3

I'm using R to perform an hierarchical clustering. As a first approach I used hclust and performed the following steps:

  1. I imported the distance matrix
  2. I used the as.dist function to transform it in a dist object
  3. I run hclust on the dist object

Here's the R code:

distm <- read.csv("distMatrix.csv")
d <- as.dist(distm)
hclust(d, "ward")

At this point I would like to do something similar with the function pvclust; however, I cannot because it's not possible to pass a precomputed dist object.

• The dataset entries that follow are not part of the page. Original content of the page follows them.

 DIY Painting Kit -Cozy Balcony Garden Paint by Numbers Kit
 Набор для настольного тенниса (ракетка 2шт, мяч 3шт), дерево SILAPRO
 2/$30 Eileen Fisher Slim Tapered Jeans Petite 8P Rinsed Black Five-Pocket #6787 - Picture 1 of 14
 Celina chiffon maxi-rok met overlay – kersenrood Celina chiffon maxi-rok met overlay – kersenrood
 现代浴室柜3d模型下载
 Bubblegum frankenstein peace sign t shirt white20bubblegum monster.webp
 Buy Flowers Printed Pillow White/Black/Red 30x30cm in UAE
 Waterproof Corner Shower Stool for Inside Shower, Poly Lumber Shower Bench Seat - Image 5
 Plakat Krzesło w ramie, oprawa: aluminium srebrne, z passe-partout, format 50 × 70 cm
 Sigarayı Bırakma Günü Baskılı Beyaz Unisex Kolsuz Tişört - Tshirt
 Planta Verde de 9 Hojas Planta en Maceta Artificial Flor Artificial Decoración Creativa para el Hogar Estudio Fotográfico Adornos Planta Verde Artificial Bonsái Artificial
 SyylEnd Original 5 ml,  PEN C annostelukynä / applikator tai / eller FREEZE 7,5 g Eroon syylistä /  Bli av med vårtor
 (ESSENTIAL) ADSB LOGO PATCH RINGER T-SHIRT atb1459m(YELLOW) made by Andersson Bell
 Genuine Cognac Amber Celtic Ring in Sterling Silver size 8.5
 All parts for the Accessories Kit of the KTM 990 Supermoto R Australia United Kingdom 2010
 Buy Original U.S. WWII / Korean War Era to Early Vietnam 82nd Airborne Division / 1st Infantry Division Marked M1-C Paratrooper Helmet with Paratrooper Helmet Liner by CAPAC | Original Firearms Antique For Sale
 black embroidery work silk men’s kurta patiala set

How can I proceed considering that I'm using a distance not available among those provided by the dist function of R?

Argalatyr
  • 4,639
  • 3
  • 36
  • 62
rlar
  • 856
  • 1
  • 10
  • 15

3 Answers3

3

I've tested the suggestion of Vincent, you can do the following (my data set is a dissimilarity matrix):

# Import you data
distm <- read.csv("distMatrix.csv")
d <- as.dist(distm)

# Compute the eigenvalues
x <- cmdscale(d,1,eig=T)

# Plot the eigenvalues and choose the correct number of dimensions (eigenvalues close to 0)
plot(x$eig, 
   type="h", lwd=5, las=1, 
   xlab="Number of dimensions", 
   ylab="Eigenvalues")

# Recover the coordinates that give the same distance matrix with the correct number of dimensions    
x <- cmdscale(d,nb_dimensions)

# As mentioned by Stéphane, pvclust() clusters columns
pvclust(t(x))
Gautier Drusch
  • 701
  • 5
  • 16
2

If the dataset is not too large, you can embed your n points in a space of dimension n-1, with the same distance matrix.

# Sample distance matrix
n <- 100
k <- 1000
d <- dist( matrix( rnorm(k*n), nc=k ), method="manhattan" )

# Recover some coordinates that give the same distance matrix
x <- cmdscale(d, n-1)
stopifnot( sum(abs(dist(x) - d)) < 1e-6 )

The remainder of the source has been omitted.